## The task
Restate the listing that follows word for word, without its pictures.
- Opening Delimiter -
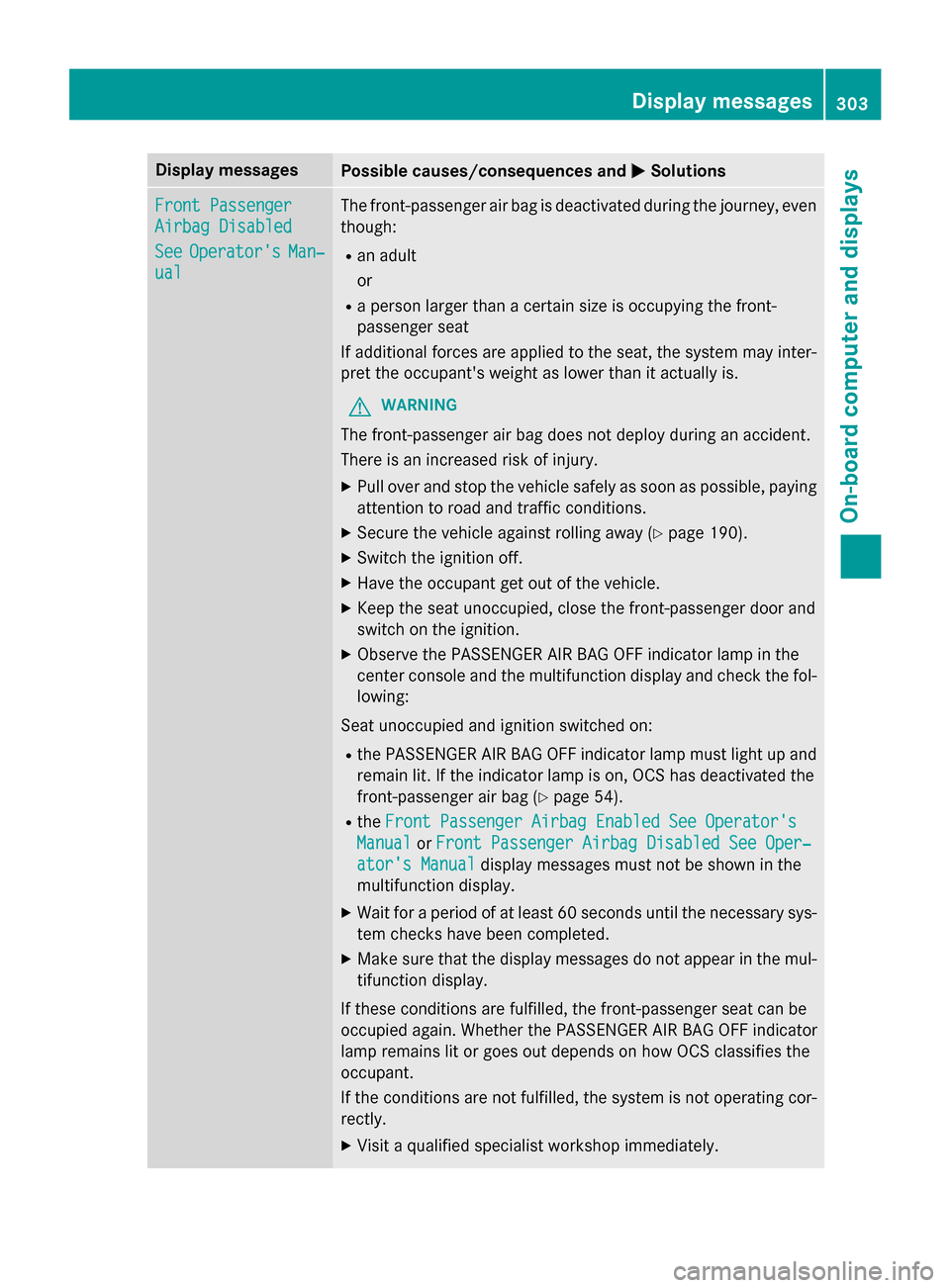 MERCEDES-BENZ GL-Class 2015 X166 Owners Manual Display messages
Possible causes/consequences and
0050
0050Solutions Front Passenger
Front Passenger
Airbag Disabled Airbag Disabled
See See
Operators
Operators Man‐
Man‐
ual
ual The front-passe MERCEDES-BENZ GL-Class 2015 X166 Owners Manual Display messages
Possible causes/consequences and
0050
0050Solutions Front Passenger
Front Passenger
Airbag Disabled Airbag Disabled
See See
Operators
Operators Man‐
Man‐
ual
ual The front-passe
- Closing Delimiter -
## Worked solution
 MERCEDES-BENZ GL-Class 2015 X166 Owners Manual Display messages
Possible causes/consequences and
0050
0050Solutions Front Passenger
Front Passenger
Airbag Disabled Airbag Disabled
See See
Operators
Operators Man‐
Man‐
ual
ual The front-passe MERCEDES-BENZ GL-Class 2015 X166 Owners Manual Display messages
Possible causes/consequences and
0050
0050Solutions Front Passenger
Front Passenger
Airbag Disabled Airbag Disabled
See See
Operators
Operators Man‐
Man‐
ual
ual The front-passe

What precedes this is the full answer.